Metropolitan News-Enterprise

 

Tuesday, June 28, 2011

 

Page 1

 

Court of Appeal:

Lawyers Who Represented Each Other Not Entitled to Fees

 

By a MetNews Staff Writer

 

The First District Court of Appeal Friday rejected a request for attorney fees by two northern California practitioners who represented each other in a lawsuit against a former mutual client in an apparent effort to evade the rule against compensation for lawyers who engage in self-representation.

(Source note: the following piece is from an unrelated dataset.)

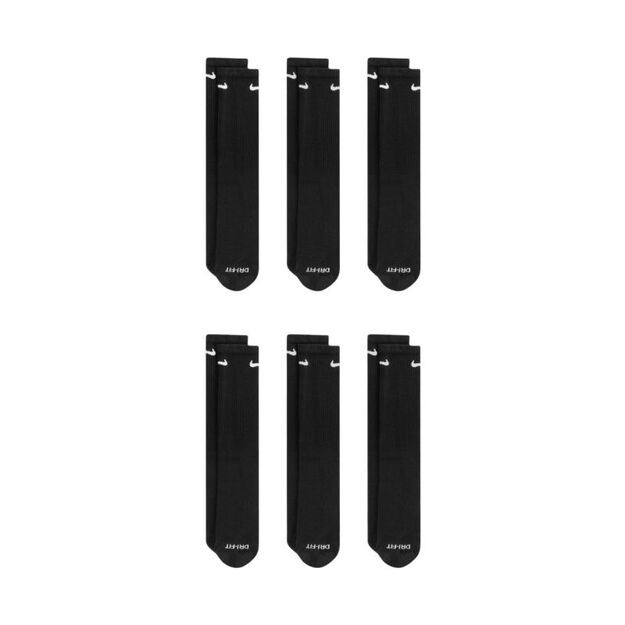 Nike Everyday Plus Cush Socks 6 Pairs Black SX6897 010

In an unpublished decision, Div. Two concluded Alameda Superior Court Judge Jon Tigar had not abused his discretion in declining to award fees to San Francisco attorney Edward M. Higginbotham and Berkeley practitioner Michael M. Sims.

Michael Horejsi, the owner of an apartment building in Oakland, had hired Sims to represent him in various lawsuits involving neighboring property owners and the city of Oakland, and Higginbotham to represent him in his defense against a civil injunction.

After Horejsi failed to pay fees owed to the attorneys, they each filed complaints against Horejsi for breach of contract and fraud. Higginbotham alleged that Horejsi owed him $25,000 and Sims claimed a debt was due to him of over $10,000.

Horejsi sought fee arbitration and claimed that Higginbotham and Sims had overcharged him and had not performed their work professionally. The arbitrators ruled in favor of the attorneys, awarding $10,764.04 to Sims and $21,557.25 to Higginbotham.

Horejsi rejected these awards and filed a cross-complaint in the superior court for legal malpractice and breach of contract.

At trial, Sims served as the attorney for Higginbotham, and Higginbotham was counsel for Sims. Horejsi appeared in propria persona.

The jury found that Horejsi breached his contracts with Higginbotham and Sims, and had committed fraud against them by promising to pay their legal fees with no intent to honor his promises. The jury awarded $13,338 to Sims and $23,843 to Higginbotham.

Higginbotham and Sims subsequently requested attorney fees, but Tigar declined to issue such an award, based on the rule of Trope v Katz (1995) 11 Cal.4th 274.

That case held that “an attorney litigating in propria persona cannot be said to ‘incur’ compensation for his time and his lost business opportunities, because he does not become obligated to pay for them,” and therefore cannot recover fees.

Tigar found “[t]he sole reason for Sims and Higginbotham having appeared on each other’s behalf appears to have been to avoid the rule in Trope” since they “could easily have represented themselves” and “essentially did so.”

Higginbotham and Sims appealed, arguing that Trope applies only to requests for attorney fees under Civil Code Sec. 1717—the statute at issue in that case—and only when the attorney-litigant is in propria persona.

They claimed they were entitled to a discretionary award of attorney fees under Business and Professions Code Sec. 6204(d). This statute provides that a prevailing party in a trial after arbitration “may, in the discretion of the court, be entitled to an allowance for reasonable attorney’s fees and costs incurred….”

The appellate court, however, disagreed. In an opinion by Justice James R. Lambden, the panel noted “courts have not restricted the application of Trope to apply only to requests for attorney fees under Civil Code section 1717” and similar concerns to those raised by the Supreme Court in Trope were at play.

In Trope, the high court said Sec. 1717 “was designed to establish mutuality of remedy when a contractual provision makes recovery of attorney fees available to only one party, and to prevent the oppressive use of one-sided attorney fee provisions.” The justices reasoned that “[i]f an attorney who is the prevailing party in an action to enforce a contract with an attorney fee provision can recover compensation for the time he expends litigating his case in propria persona, but a nonattorney pro se litigant cannot do so regardless of the personal and economic value of such time simply because he has chosen to pursue a different occupation, every such contract would be oppressive and one-sided.”

Lambden reasoned this “problem of one-sidedness identified by the Trope court applies equally here,” since Sec. 6204(d) only permits a court to award the prevailing party attorney fees incurred and, since Horejsi was self-represented, he would not have been entitled to fees.

He also emphasized that Higginbotham and Sims were not seeking fees mandated by a statute, but monies which the trial court had discretion to award.

“The trial court’s conclusion that Higginbotham and Sims represented each other to avoid the effect of Trope was based on its own observations during the course of the trial,” Lambden said, and the trial court “was in the best situation to assess whether Higginbotham and Sims were essentially representing themselves.”

The case is Law Office of Edward M. Higginbotham v. Horejsi, A128521.